(Description of the task):
The reply should hold only the lines below beginning at the one with "Люкс Aegean Sea Rooms" and ending at the one with "Paloma Japanese Wool Blazer", copied exactly, with every picture left out.

(Available data):
/---

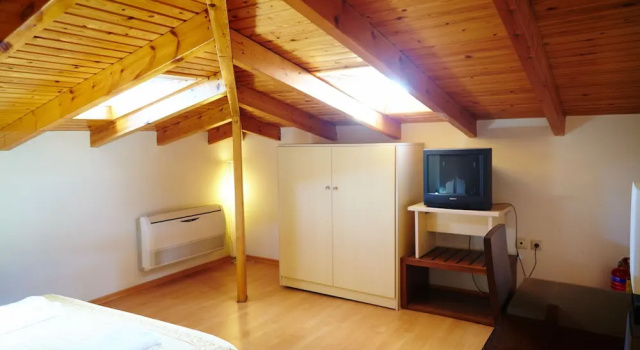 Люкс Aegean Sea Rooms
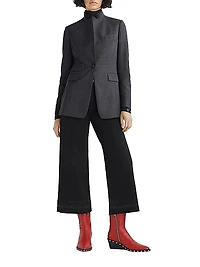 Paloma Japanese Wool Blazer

\---
/---

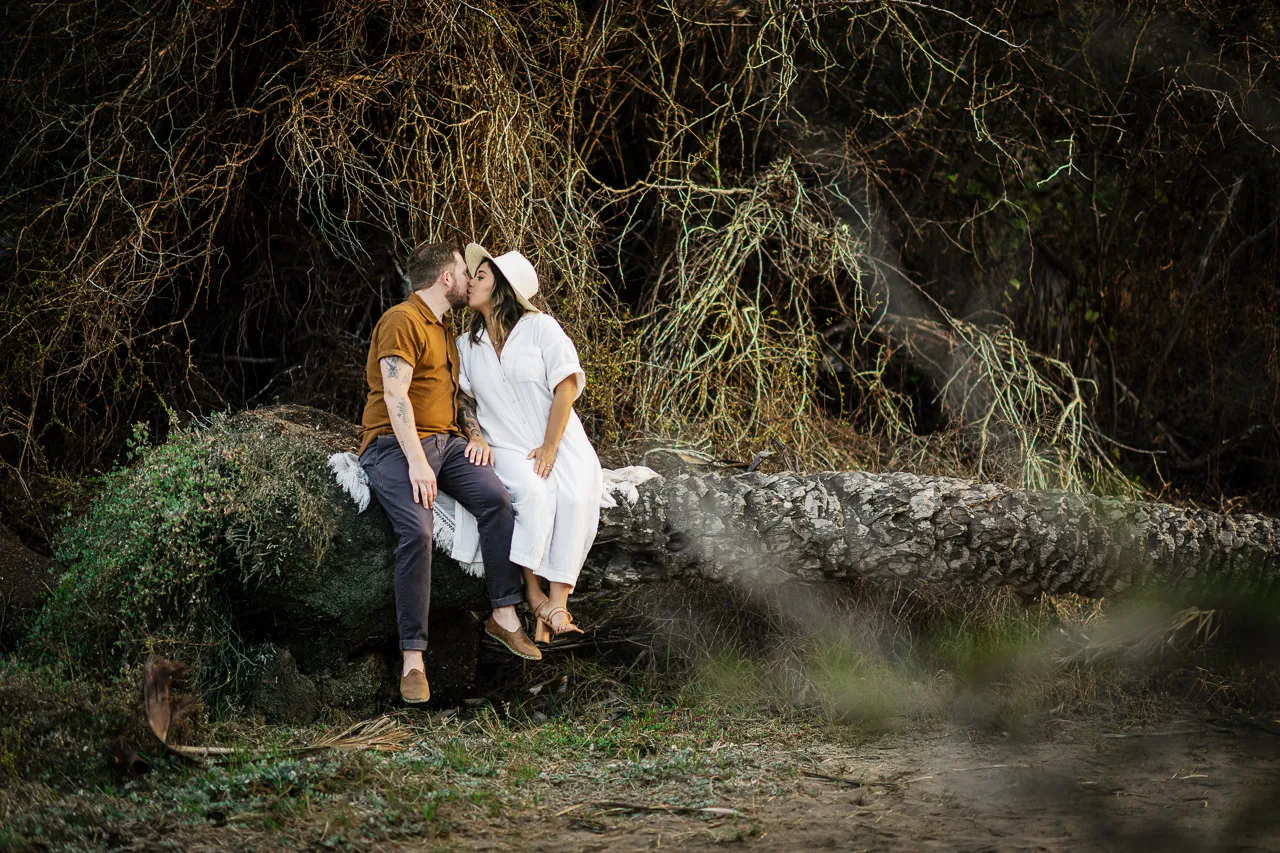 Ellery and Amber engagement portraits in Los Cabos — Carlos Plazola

\---

(Response for this exercise):
 Люкс Aegean Sea Rooms
 Paloma Japanese Wool Blazer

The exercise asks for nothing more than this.